No pressure –Tropical Pressure! With affordable ticket prices that welcome everyone it was refreshing to see a truly mixed audience enjoying an incredibly varied selection of top-quality world music acts in this glorious location on the north coast of Cornwall. The main stage was positively sizzling with good vibes throughout the weekend.
But while Tropical Pressure is small, no one could doubt the quality of the lineup. Each of the three days was themed – Friday Latin, Saturday African and Sunday Reggae, making it easy for festival-goers to get exactly what they want – and most want it all! Arriving on Saturday morning for the African day I immediately relaxed into the party spirit. I’d seen three of the mainstage acts previously, but each one put on a brilliant performance, visibly enjoying the vibe, and the new discoveries made the festival special. Brighton-based King Nommo from Senegal /UK and Guy One and The Polyversal Souls from Ghana and Germany in particular wowed with outstanding musicianship.
And yet you know you’re in Cornwall. An old tin mine looks across the valley to the festival site. The air is clear with a scent of sea, and a shimmering blue triangle is visible behind the main stage. On that stage seven African-themed acts were spread over the day and into the balmy coolness of the evening. As the music flowed we danced in that Cornish field – one that Afrobeat supremo Dele Sosimi later declared to be his ‘second home’. Talented youngsters Project Jam Sandwich got the day off to a start followed by political activists TwoManTing from the UK/Sierra Leone. Following that the sparkling sounds of Gambian Jaly Bakary Konte’s kora wafted out, with his supercool band Bafula. London-based Vula Viel was up next with their experimental interpretations of Ghanaian balafon music. King Nommo followed with his Baifal look, soaring vocals and rocking brass section. Then Dele Sosimi from Nigeria, with his jocular manner and brilliant musicianship, put on a wonderful show that no one wanted to end. But promising he’d be back at Mount Pleasant Eco Park soon (they do a year-round series of world music events), Sosimi made way for the last live act.
Guy One is a kologo player (a kind of West African lute/banjo) of the Frafra people on his first visit to the UK. The Polyversal Souls who played alongside him are a German group led by inspirational drummer Max Weissenfeldt plus keyboards and saxes (one of whom, it was announced with some hilarity, bears the unfortunate name of Boris Johnson). Polyversal Souls began with a brilliantly funky Ethiopian tune before Guy One was introduced, stunning the audience with his vocal prowess and and off-the-scale groove factor.
But that wasn’t all. The main stage bands were complemented by a program showcasing Cornwall-based acts in the home-made amphitheatre (of re-cycled tyres), which boasts one of the best views of any festival I’ve seen. Meanwhile, from the Rambunctious Boogaloo Bayou drifted some fine vinyl & African dance tunes from DJs such as John Warr (check out his Afrobase radio show). The night seamlessly merged from the main arena into Madame Juju’s and Fandangos night clubs – ‘dancing obligatory, rum optional’.
Throughout the day no less than twenty-one workshops and activities took place, from Ghanaian and Afro-Brazilian rhythm to foraging for medicinal plants, and there was even a fire pit (with a real fire!) for storytelling and children’s campfire cooking. Site decorations were a delight, especially a small field of cacti near the creative yard (where we were told to watch out for nesting weasels). There were the usual massages and circus games taking place in the well-being area, and for food, the 100% vegetarian Cantina Café & Global Street Market in the main arena wafted their delicious aromas around the site. Unfortunately for late-night munchers these closed at 11.30 pm, but the bars remained open until 2am.

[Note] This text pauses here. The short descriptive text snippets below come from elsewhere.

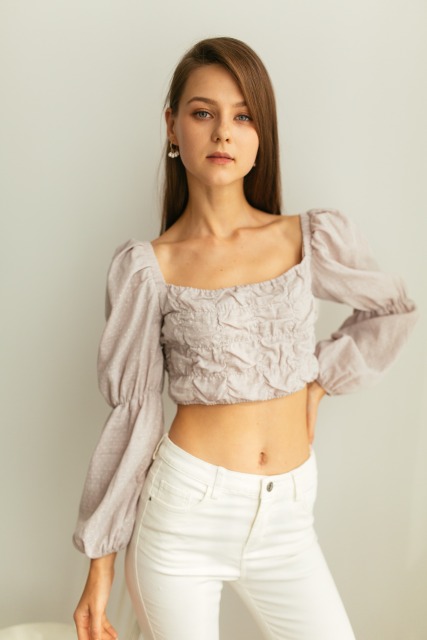 Purple Dotted Top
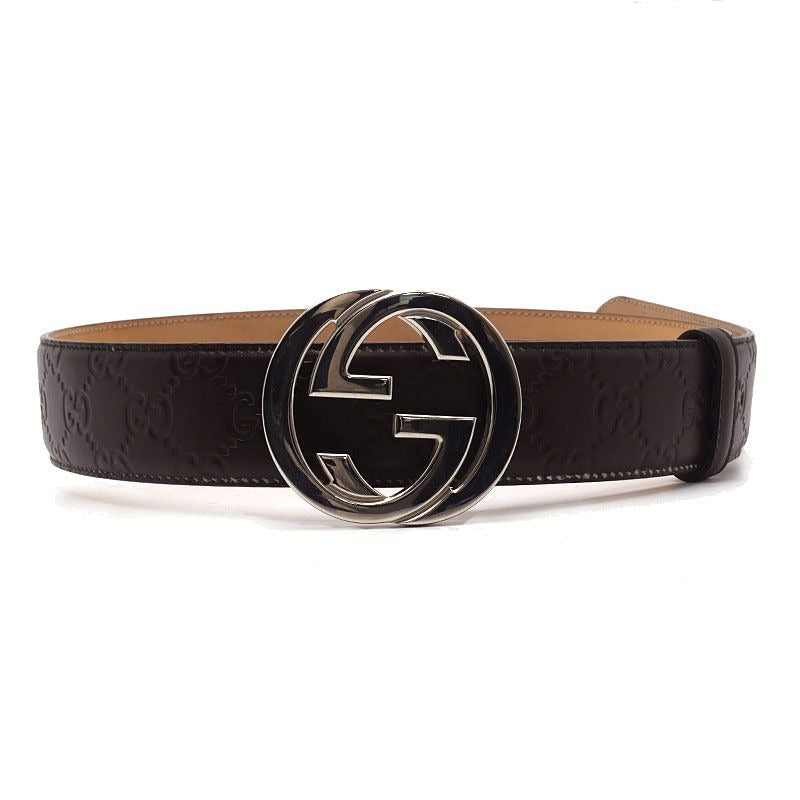 Gucci Interlocking Buckle Belt Black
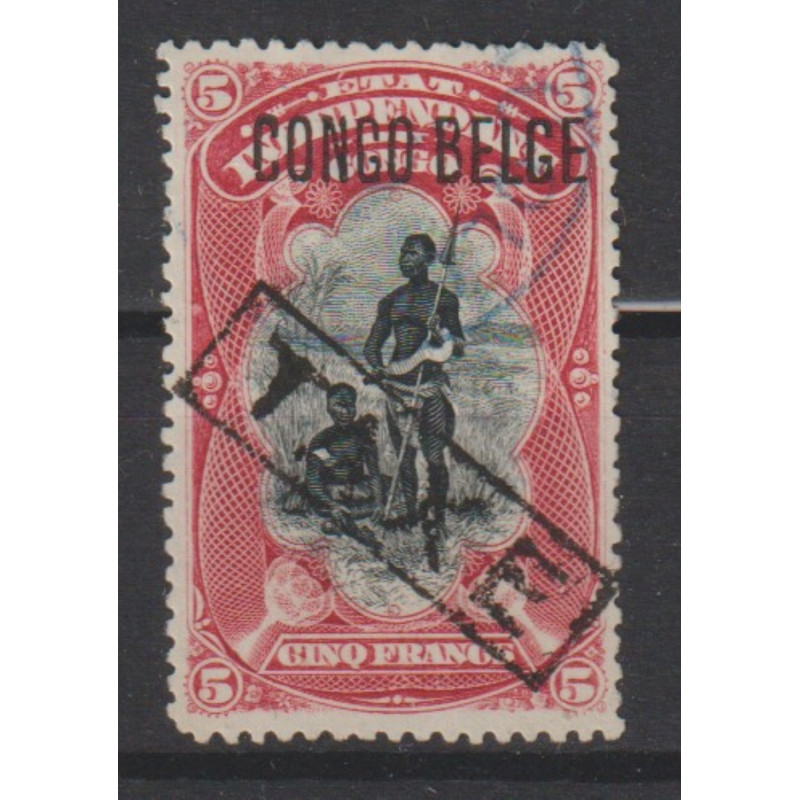 1909 - CONGO - Postage Due - COB TX25 - Used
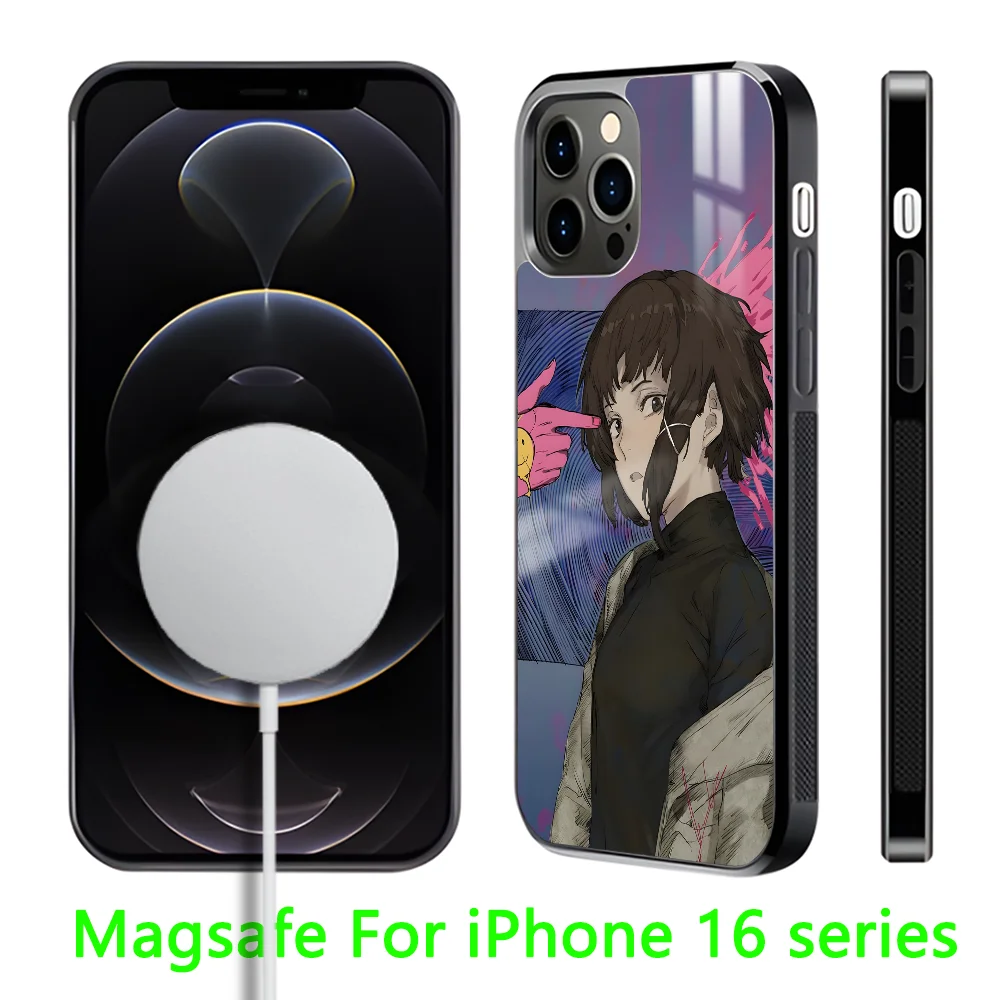 Чехол для телефона Аниме-серийные эксперименты Lain iPhone 16 15 14 13 12 11 Pro Max Plus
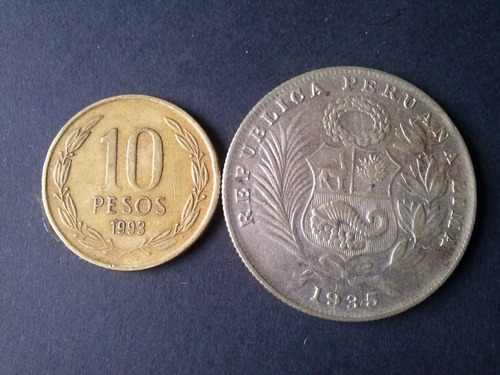 Perú 1/2 Sol Plata 1935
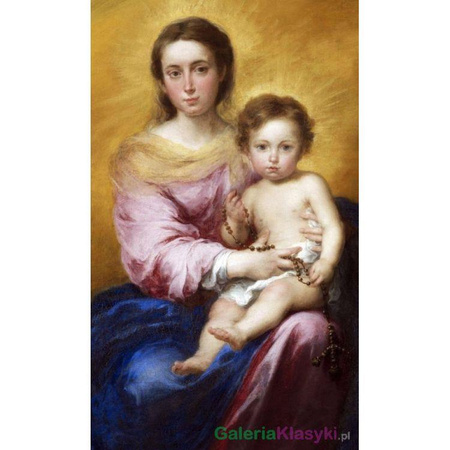 "The Virgin of the Rosary" - Bartolomé Esteban Murillo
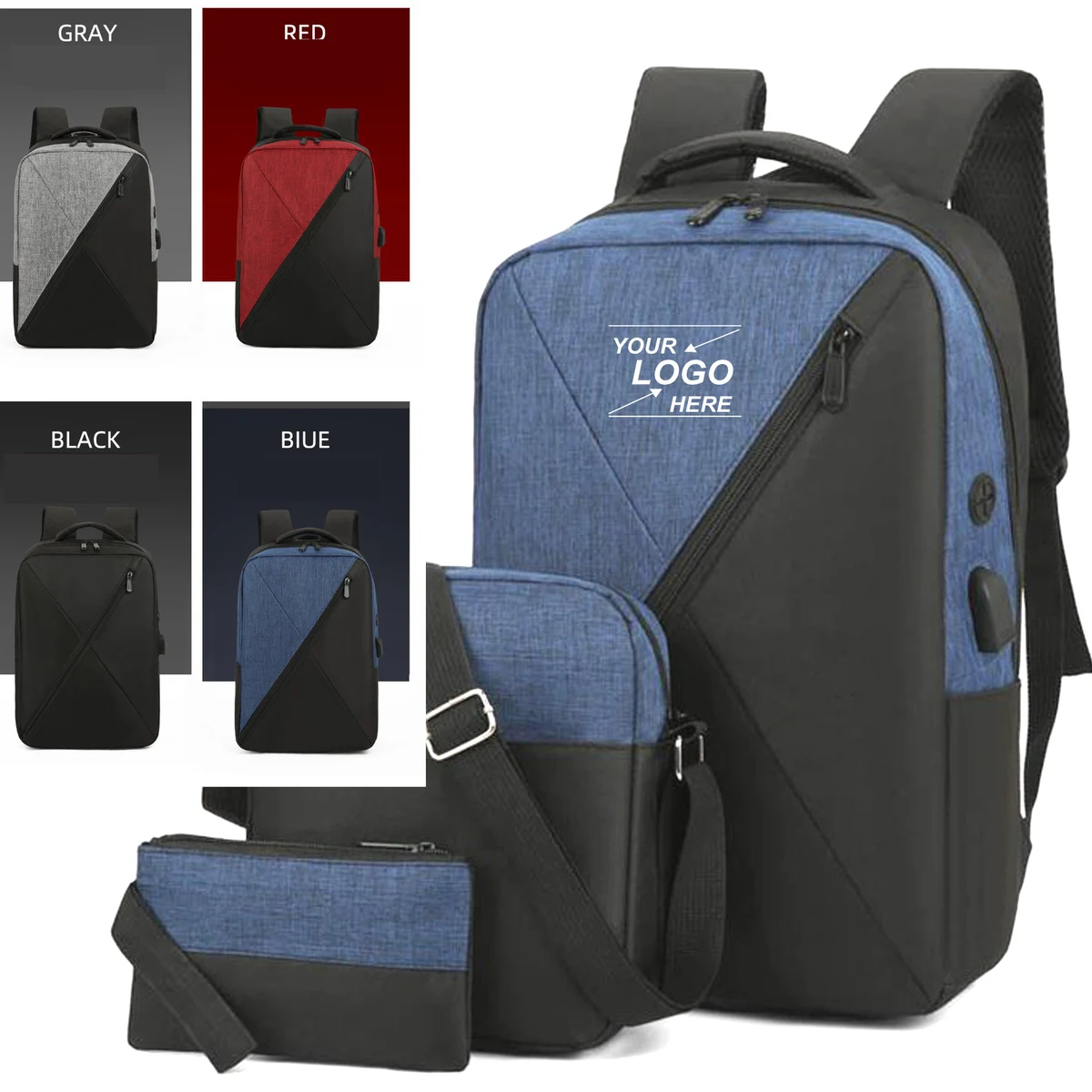 3-in-1 Business Laptop Backpack Set 1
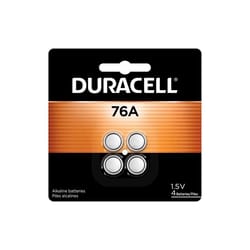 Duracell Alkaline 76A LR44 1.5 V 0.11 mAh Medical Battery 4 pk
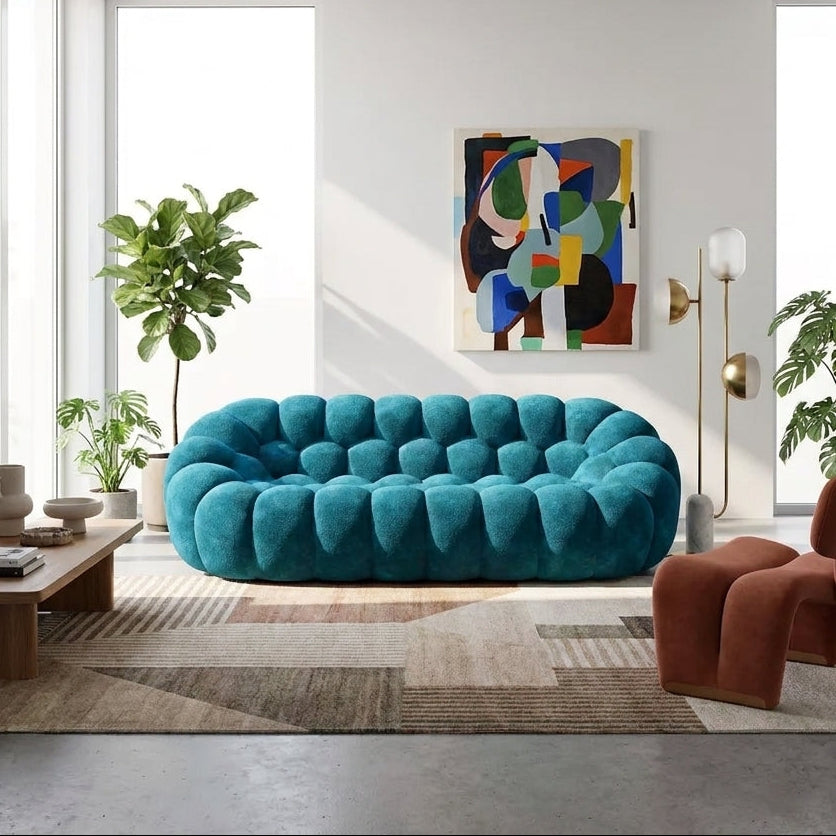 Mellow SF2235 Custom Contemporary Minimalist Design Sofa | 1-Seater | Pet Friendly Leather & Fabric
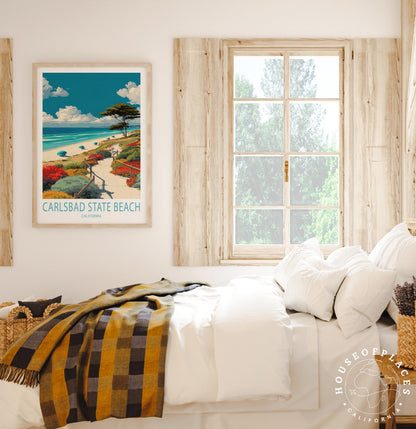 Carlsbad State Beach travel poster – view 6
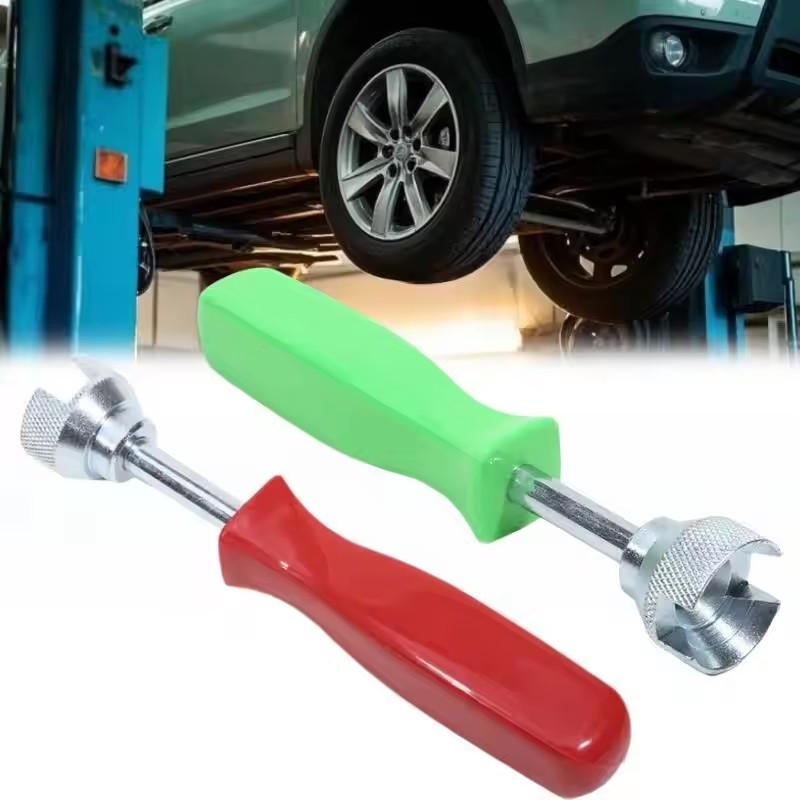 Car Drum Brake Repair Install Tool Hold Down Washer Spring Shoe Compressor Brake Spring Washer Worker Alloy & Plastic 5.7 Inch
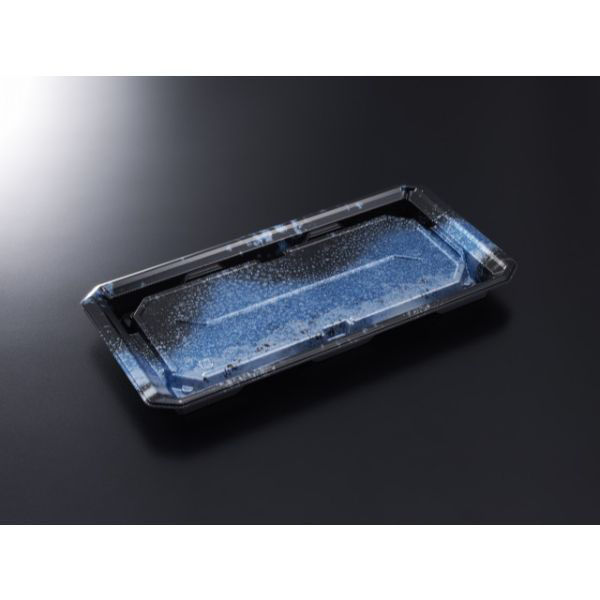 中央化学 寿司容器 HS 澄板 28-14 天目B-BK 身 20289 1袋(50個)（直送品）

Tropical Pressure is child-friendly, but it wasn’t just middle-aged parents and their teenagers. A healthy cohort of enthusiastic twenty and thirty-somethings were in attendance, in contrast to some of the more up-market festivals. Although it’s a small site there were plenty of secrets to be discovered in hidden corners – and you know a festival is good when you continuously overhear happy festival-goers saying how well-organised and fun it is. Tropical Pressure reminded me of the early days of WOMAD at Carlyon Bay on the opposite coast of Cornwall. There’s an easy-going friendly atmosphere in this part of the country. People seem to have come to the festival because it’s here, and that is what is missing from so many of the bigger world music festivals these days – a community feeling. Long live Tropical Pressure! May you not get too big!